106 of 117 people found the following review helpful
on November 28, 2011
If you look on Kindle for "Strunk and White" you get this. The description even says Elements of Style, known colloquially as Strunk and White. It is, alas, not Strunk and White, but Strunk alone, a facsimile of the 1918 original (long before E.B. White lent his hand).
If you liked White's improvements and want to read that on Kindle, beware. Saying this edition is Strunk and White is like saying "Imagine" is by someone colloquially known as "Lennon and McCartney."
103 of 115 people found the following review helpful
on April 2, 2009
I picked this up sometime in December, after having read the original edition online for free. I know it has been getting a lot of bad reviews citing greed and whatnot, so I thought I'd add my thoughts on this newest edition of the most useful primer on the craft of writing.
In my opinion, the biggest draw of this new edition is the cover. It's black and professional looking; The perfect compliment for your shelf of writing books. I would recommend this edition to anyone willing to spend a little extra for a copy that isn't likely to fall apart after a few dozen reads. Long after you feel you've mastered all there is, you will still find yourself dipping into this now and again as a refresher. The advice is timeless and this high-quality edition does it justice.
If you're a student or don't care about a nicely bound hardcover, you could do just fine getting the ~$10 softcover edition.
56 of 61 people found the following review helpful
on June 30, 2007
"The Elements of Style" was written by E.B. White in the 1950s. It is a revised and expanded version of a booklet used by his English professor William Strunk Jr. in 1919. During the years since its publication, the book reached the fourth edition, modernized and more suitable for the times (and the changes in language).
While this book was originally aimed at writers (of books and newspaper articles), solid writing skills are important for everyone. In these days of the content-rich web, people spend a lot of their collaboration time online. Blog entries, comments, forum and mailing list posts are quite a bit of writing, and one has to follow some simple but important rules to write correctly and effectively.
What's best about it is the size. These days, when the feeling is that writers and publishers get paid by the weight of their huge tomes, it is refreshingly pleasant to hold a small pocket book of only 100 pages, packed with useful information. The guidelines for correct writing are presented as a list of rules, divided to a few subtopics, with a well-selected index making things easy to find.
The book answers some of the most common doubts in writing English text:
1. Correct usage of punctuation: commas, colons, semicolons, dashes and periods.
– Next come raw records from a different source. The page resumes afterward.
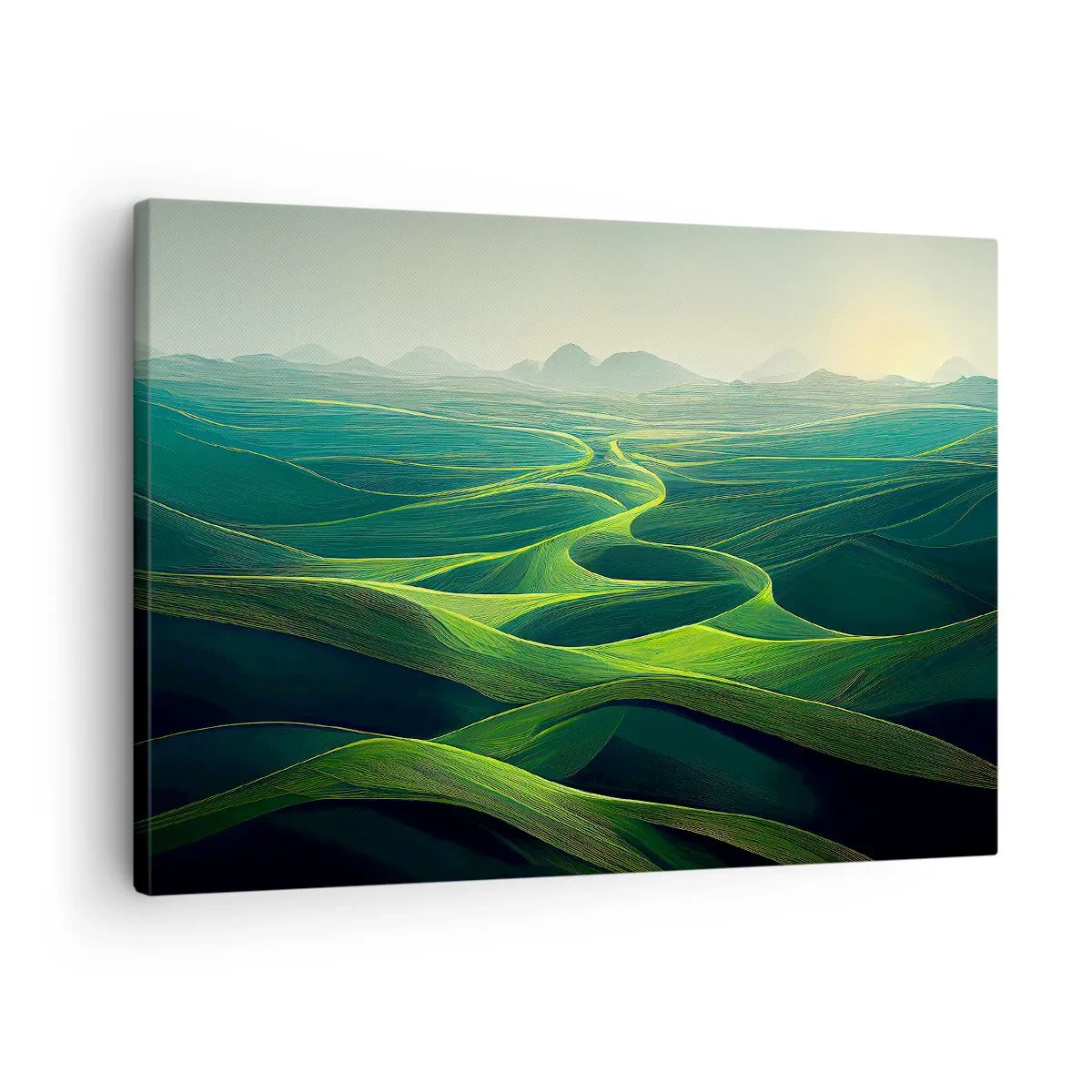 Bild auf Leinwand - Leinwandbild - Grüne Hügel mit sanften Pfaden - 70x50cm - In den grünen Tälern - Moderne Wanddekoration für Wohnzimmer und Schlafzimmer ARTTOR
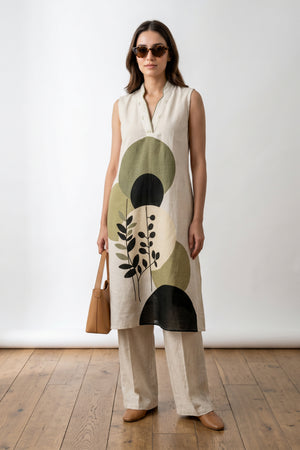 Off White Abstract Botanical Printed Top & Palazzo Cotton Flex Co-ord Set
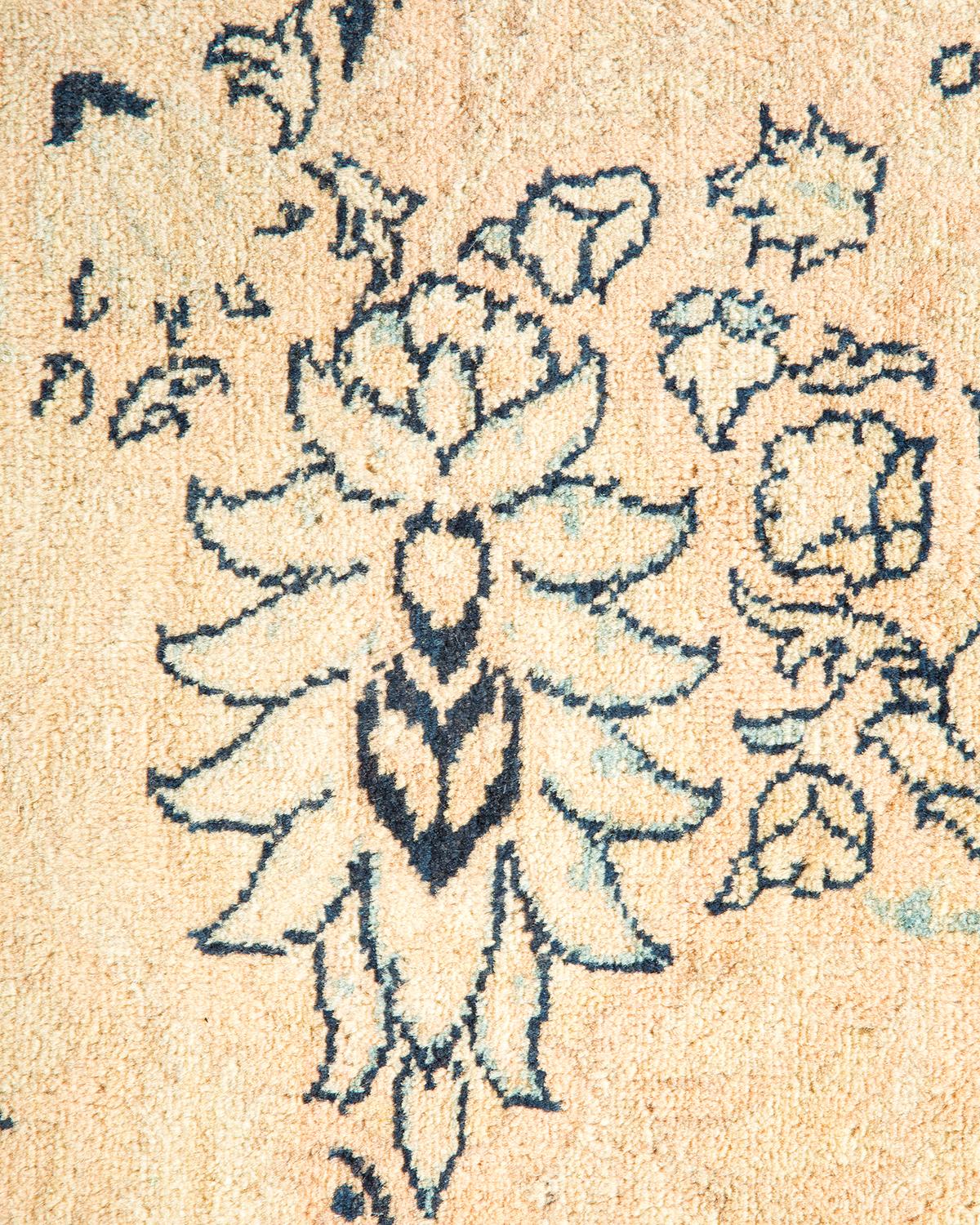 XXIe siècle et contemporain Tapis traditionnel Mogul beige unique fait à la main, unique en son genre en vente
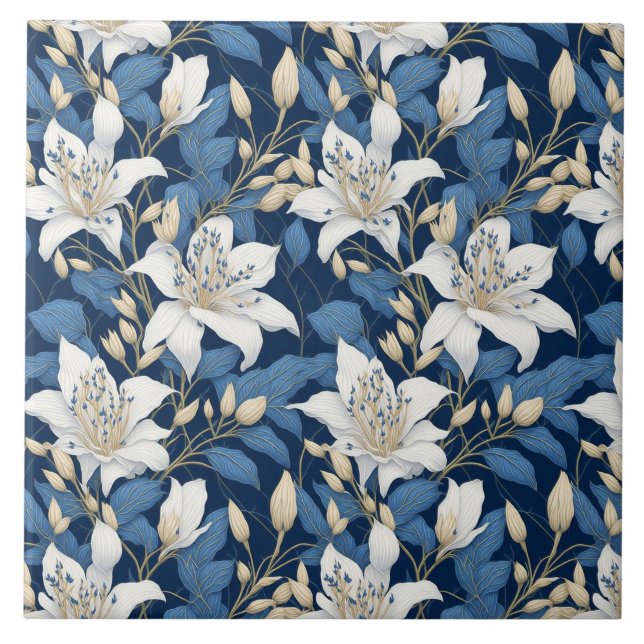 Carreau Floral Seamles Motif Big Liliy Feuilles Bleu Blanc (Devant)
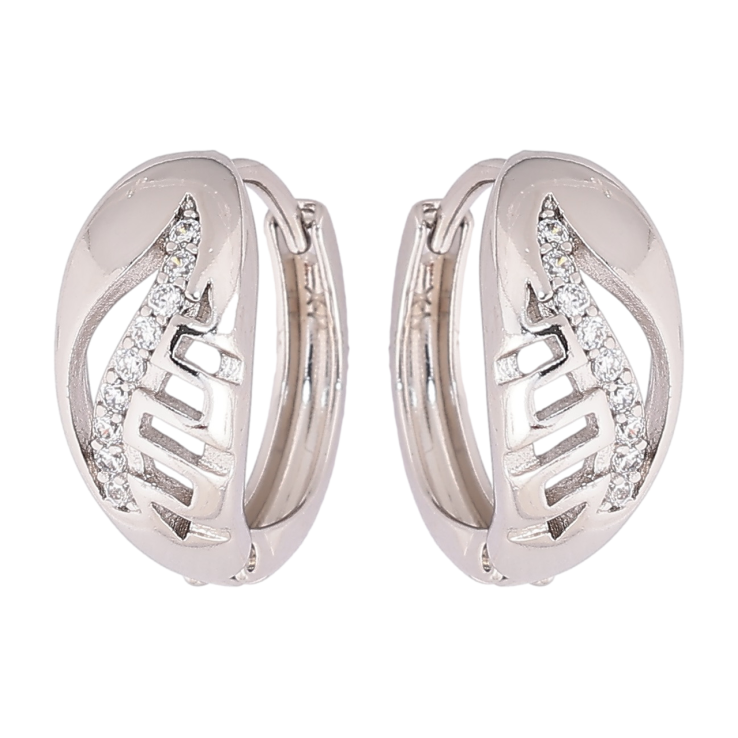 Сережки Xuping Родій колечка «Різьблений візерунок із кришталевими доріжками» фото №12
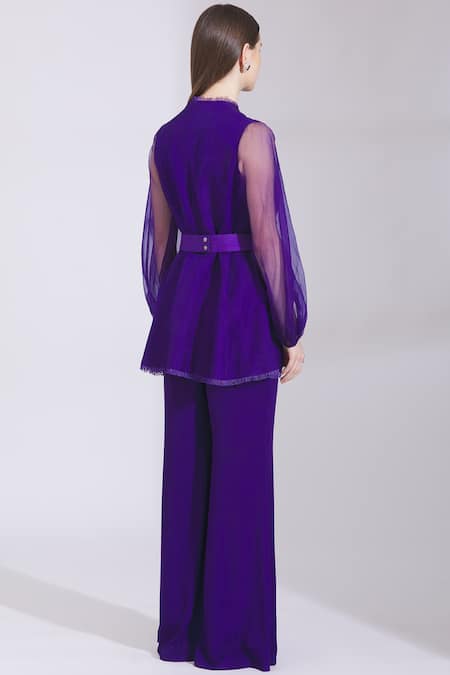 Shop Parul And Preyanka Purple Heavy Crepe, Silk Organza V Neck Flared Pant Set at Aza Fashions Shop_Parul And Preyanka_Purple Heavy Crepe, Silk Organza V Neck Flared Pant Set _at_Aza_Fashions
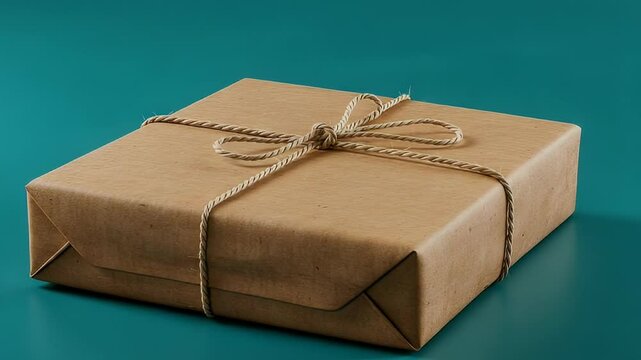 Brown Paper Gift Box Wrapped with Gold String Cord on Teal Background Present for Holiday or Birthday Simple Celebration with Neutral Colors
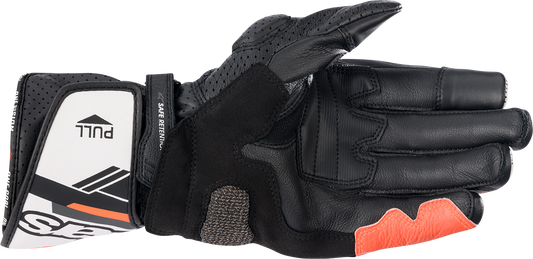 Alpinestars SP-8 V3 motorcycle gloves in black, white, and fluo red, size XL, showing protective knuckles and breathable fabric.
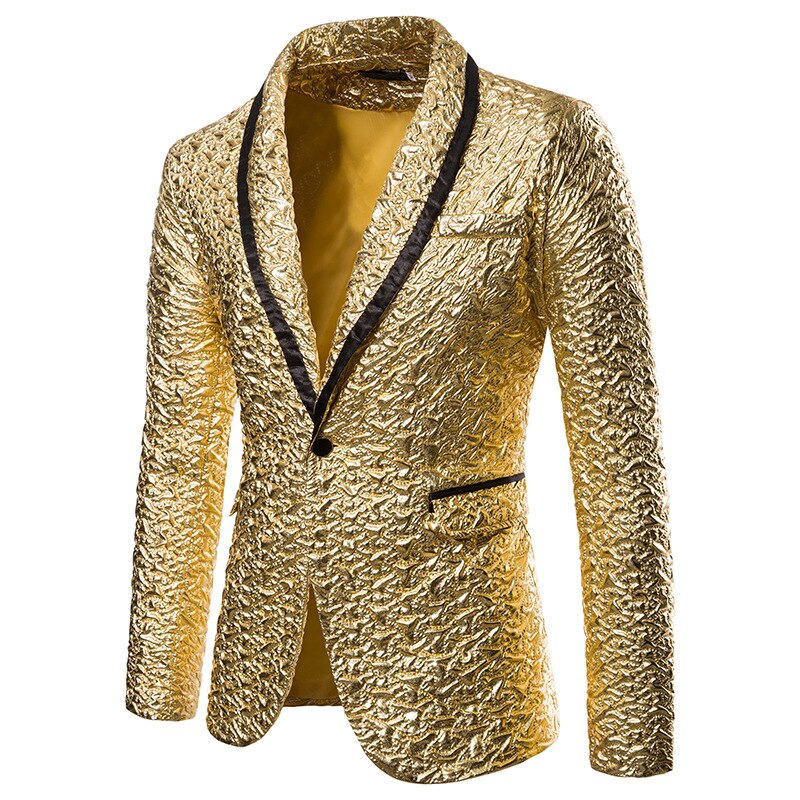 Shiny Gold Glitter Suit Jacket Men Shawl Collar One Button Blazer Jacket Mens Party Wedding Stage Groom Prom Dress Blazers Coat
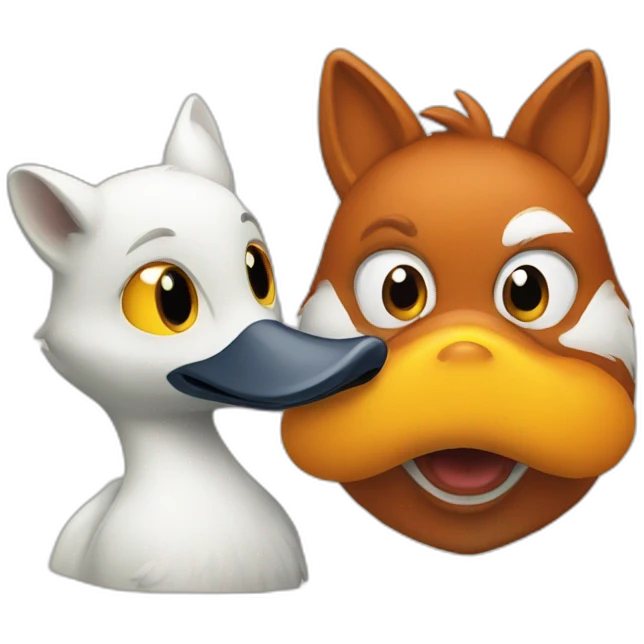 a duck and a fox emoji
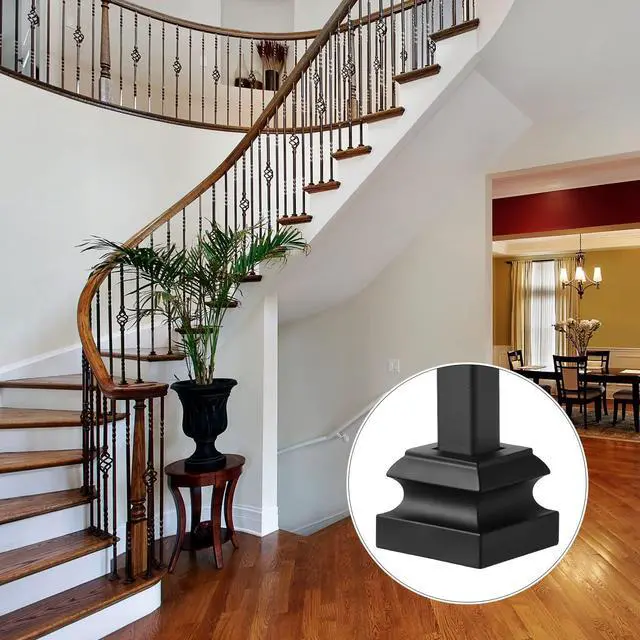 Alt view image 3 of 6 - 48 Pcs Iron Baluster Shoes Stair Flat Shoe with Screw for 1/2 Inch Square Scroll Basket Twist Knuckle Staircase Balusters Metal Spindle Railing, Satin Black
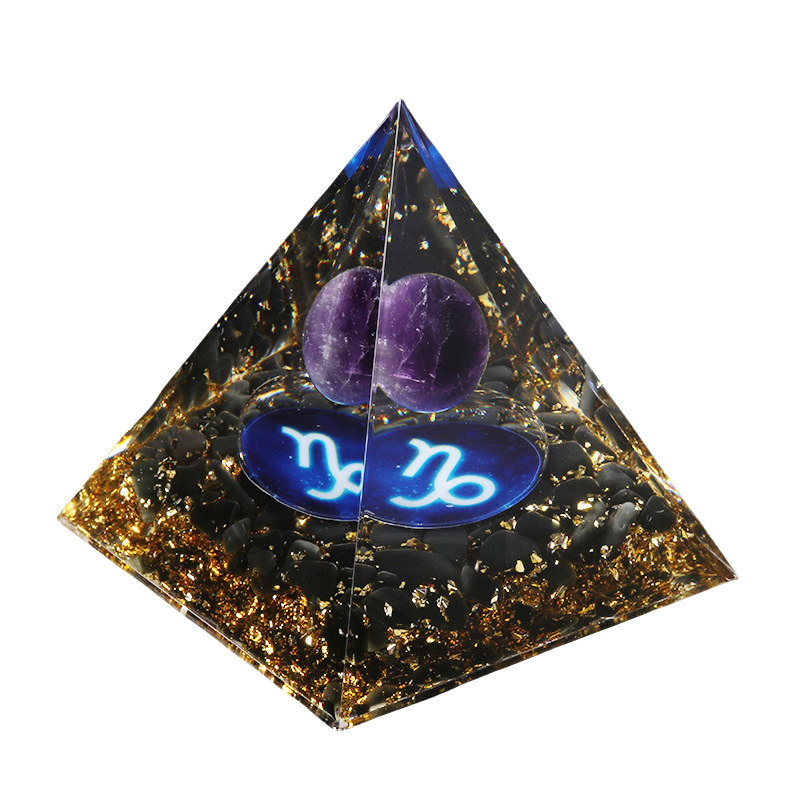 12 Constellation  Amethyst Balls  Chip Stone Base Gold 60MM Pyramid Ornament for Home Decor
2. Possessive singulars of nouns ("Charles's book")
3. Using the active voice, positive form and definite, concrete language for making a point effectively.
4. Pairs of words that are commonly confused: among/between, inside of/inside, shall/will, that/which
On the downside, this book can be seen as overly pedantic. Some words it discourages to use are already ingrained in modern English, and the strict rules it contains aren't the best fit for all kinds of writing. Therefore, I would not advise using this book "religiously" as something obliging. Rather, it is best used as a useful reference for certain things. Some rules you might not agree with, but most of them are just plain common sense of English writing, and rules like the ones I listed above are decidedly essential.
34 of 35 people found the following review helpful
on March 6, 2012
I was disappointed to find out only after purchasing the book that this Kindle edition of The Elements of Style is not the one that was revised by E. B. White.
That issue aside, it is not clear what literary contribution has been made to the original text by the editor in this edition.